# Cleaning Table Saw with Glue



## Siegel_KenEvil (Aug 18, 2010)

This might be a good trick or the dumbest thing in the world. I don't take the best care of my table saw. The other day, I was scraping off some glue that dripped on it and I noticed the surface under the glue was cleaner that the rest of the saw top. I got the idea to cover the entire top with a thin layer of old glue and it worked great for removing the surface rust. It wasn't hard to scrap off either.

Has anyone done this before?


----------



## kaerlighedsbamsen (Sep 16, 2013)

Now THAT is creative thinking!


----------



## knotscott (Feb 27, 2009)

Sort of like a deep cleansing "facial mask" for your table saw!


----------



## iminmyshop (Dec 9, 2012)

what kind of glue were you using?
Did you put anything on afterward to protect the surface from rerusting>


----------



## KelvinGrove (Mar 1, 2013)

Since not having a clue has never stopped me from commenting before…I'll jump in on this one as well.
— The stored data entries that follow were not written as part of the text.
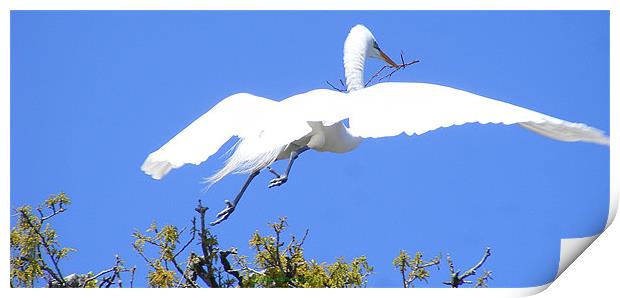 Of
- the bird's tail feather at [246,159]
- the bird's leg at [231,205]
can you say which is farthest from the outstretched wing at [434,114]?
the bird's leg at [231,205]

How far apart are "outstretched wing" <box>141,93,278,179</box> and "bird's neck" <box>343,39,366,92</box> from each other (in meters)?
0.53

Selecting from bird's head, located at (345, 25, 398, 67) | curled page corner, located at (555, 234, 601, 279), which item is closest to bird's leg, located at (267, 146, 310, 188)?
bird's head, located at (345, 25, 398, 67)

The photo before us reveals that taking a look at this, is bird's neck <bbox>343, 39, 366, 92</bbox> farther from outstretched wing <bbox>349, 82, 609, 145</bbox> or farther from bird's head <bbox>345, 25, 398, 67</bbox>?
outstretched wing <bbox>349, 82, 609, 145</bbox>

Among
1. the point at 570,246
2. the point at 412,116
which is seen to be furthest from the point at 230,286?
the point at 570,246

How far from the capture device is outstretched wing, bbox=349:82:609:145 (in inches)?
189

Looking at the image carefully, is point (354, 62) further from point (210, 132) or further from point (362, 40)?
point (210, 132)

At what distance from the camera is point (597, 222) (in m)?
5.20

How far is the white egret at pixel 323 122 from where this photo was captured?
485 cm

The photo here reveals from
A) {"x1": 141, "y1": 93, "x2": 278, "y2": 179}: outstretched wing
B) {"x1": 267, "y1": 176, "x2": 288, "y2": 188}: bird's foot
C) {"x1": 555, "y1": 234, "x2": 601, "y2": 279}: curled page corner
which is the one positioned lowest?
{"x1": 555, "y1": 234, "x2": 601, "y2": 279}: curled page corner

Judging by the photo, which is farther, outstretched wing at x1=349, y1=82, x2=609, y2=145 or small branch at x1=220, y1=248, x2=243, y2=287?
small branch at x1=220, y1=248, x2=243, y2=287

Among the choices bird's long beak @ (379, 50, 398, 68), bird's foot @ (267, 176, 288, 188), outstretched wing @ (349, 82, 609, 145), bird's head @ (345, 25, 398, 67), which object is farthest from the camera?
bird's long beak @ (379, 50, 398, 68)

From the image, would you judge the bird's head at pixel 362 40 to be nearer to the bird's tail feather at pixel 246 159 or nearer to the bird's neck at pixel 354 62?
the bird's neck at pixel 354 62

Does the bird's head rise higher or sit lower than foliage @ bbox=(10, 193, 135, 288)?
higher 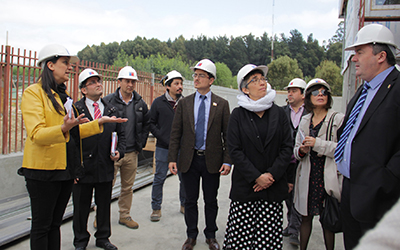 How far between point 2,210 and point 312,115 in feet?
14.6

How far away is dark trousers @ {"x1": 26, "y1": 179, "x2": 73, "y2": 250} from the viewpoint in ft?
8.07

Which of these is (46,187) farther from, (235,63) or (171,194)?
(235,63)

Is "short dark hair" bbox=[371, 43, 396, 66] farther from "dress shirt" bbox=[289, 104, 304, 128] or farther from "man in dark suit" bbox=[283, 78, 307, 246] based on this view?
"dress shirt" bbox=[289, 104, 304, 128]

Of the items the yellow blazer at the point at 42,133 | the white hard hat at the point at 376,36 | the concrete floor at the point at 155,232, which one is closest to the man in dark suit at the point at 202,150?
the concrete floor at the point at 155,232

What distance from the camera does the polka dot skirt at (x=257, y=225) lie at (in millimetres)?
2900

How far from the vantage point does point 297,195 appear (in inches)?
126

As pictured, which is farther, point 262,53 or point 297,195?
point 262,53

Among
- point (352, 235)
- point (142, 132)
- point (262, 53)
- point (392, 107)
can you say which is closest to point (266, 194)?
point (352, 235)

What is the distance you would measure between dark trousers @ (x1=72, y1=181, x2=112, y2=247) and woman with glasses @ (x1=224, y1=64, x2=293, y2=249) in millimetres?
1527

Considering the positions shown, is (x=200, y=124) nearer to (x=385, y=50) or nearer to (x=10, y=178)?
(x=385, y=50)

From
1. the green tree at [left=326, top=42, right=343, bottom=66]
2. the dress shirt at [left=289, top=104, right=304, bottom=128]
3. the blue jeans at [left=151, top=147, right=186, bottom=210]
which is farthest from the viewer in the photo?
the green tree at [left=326, top=42, right=343, bottom=66]

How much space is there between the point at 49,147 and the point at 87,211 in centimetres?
132

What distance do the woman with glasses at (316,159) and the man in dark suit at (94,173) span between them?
2136mm

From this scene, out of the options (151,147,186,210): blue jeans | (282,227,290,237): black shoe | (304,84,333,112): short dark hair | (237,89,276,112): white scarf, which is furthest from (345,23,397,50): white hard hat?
(151,147,186,210): blue jeans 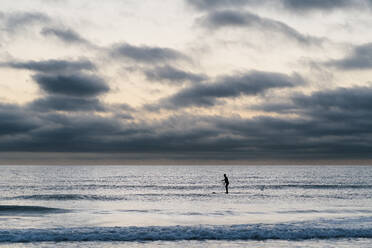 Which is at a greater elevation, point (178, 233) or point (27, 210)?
point (178, 233)

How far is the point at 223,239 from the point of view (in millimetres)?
19422

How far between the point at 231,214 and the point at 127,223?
324 inches

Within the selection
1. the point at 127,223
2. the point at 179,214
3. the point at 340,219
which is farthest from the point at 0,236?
the point at 340,219

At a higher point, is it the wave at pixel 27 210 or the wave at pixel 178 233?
the wave at pixel 178 233

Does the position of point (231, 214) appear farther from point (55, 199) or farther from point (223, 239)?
point (55, 199)

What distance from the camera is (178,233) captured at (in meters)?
20.2

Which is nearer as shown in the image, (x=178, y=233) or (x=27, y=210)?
(x=178, y=233)

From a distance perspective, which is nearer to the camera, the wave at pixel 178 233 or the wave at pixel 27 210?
the wave at pixel 178 233

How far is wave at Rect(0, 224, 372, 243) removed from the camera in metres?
19.4

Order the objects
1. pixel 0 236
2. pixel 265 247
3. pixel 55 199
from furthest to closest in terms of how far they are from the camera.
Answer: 1. pixel 55 199
2. pixel 0 236
3. pixel 265 247

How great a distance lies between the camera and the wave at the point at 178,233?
63.6 feet

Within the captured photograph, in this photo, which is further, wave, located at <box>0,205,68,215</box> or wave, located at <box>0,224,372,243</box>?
wave, located at <box>0,205,68,215</box>

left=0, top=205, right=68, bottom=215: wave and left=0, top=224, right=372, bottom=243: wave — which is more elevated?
left=0, top=224, right=372, bottom=243: wave

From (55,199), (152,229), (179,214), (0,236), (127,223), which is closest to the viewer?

It would seem that what ever is stuck to the table would have to be something which had come into contact with the table in some way. That would leave us with two possibilities. One would be corrosion and the other would be various lignin (sap) based compounds. It then seems logical that if the glue sticks to the lignin with a greater bond factor than corrosion has for the table, then when scraped off the glue would bring the lignin with it. And since , by nature, the corrosion is "falling off" of the metal the "rust", or most of it, would come off as well.

Now I need a little brush and to run a test to see if this is true.

What is that old thing about the greatest discoveries being made by accident.


----------



## a1Jim (Aug 9, 2008)

Very interesting,but weird .


----------



## nicholasrhall (Aug 19, 2012)

I knew you meant this ironically Kelvin but just the same, I think I may have a new signature line

"Since not having a clue has never stopped me from commenting before…I'll jump in on this one as well."

At any rate, I'd say that now that it's clean, you should swab some SlipIt on there. It's cheap, and you won't believe how well it works. You'll wonder how you ever got on without it. I know I did. The friction between the tabletop and the wood you're cutting will drop 50% or more. The less force you need to exert pushing your hand towards a carbide blade, the happier you will be.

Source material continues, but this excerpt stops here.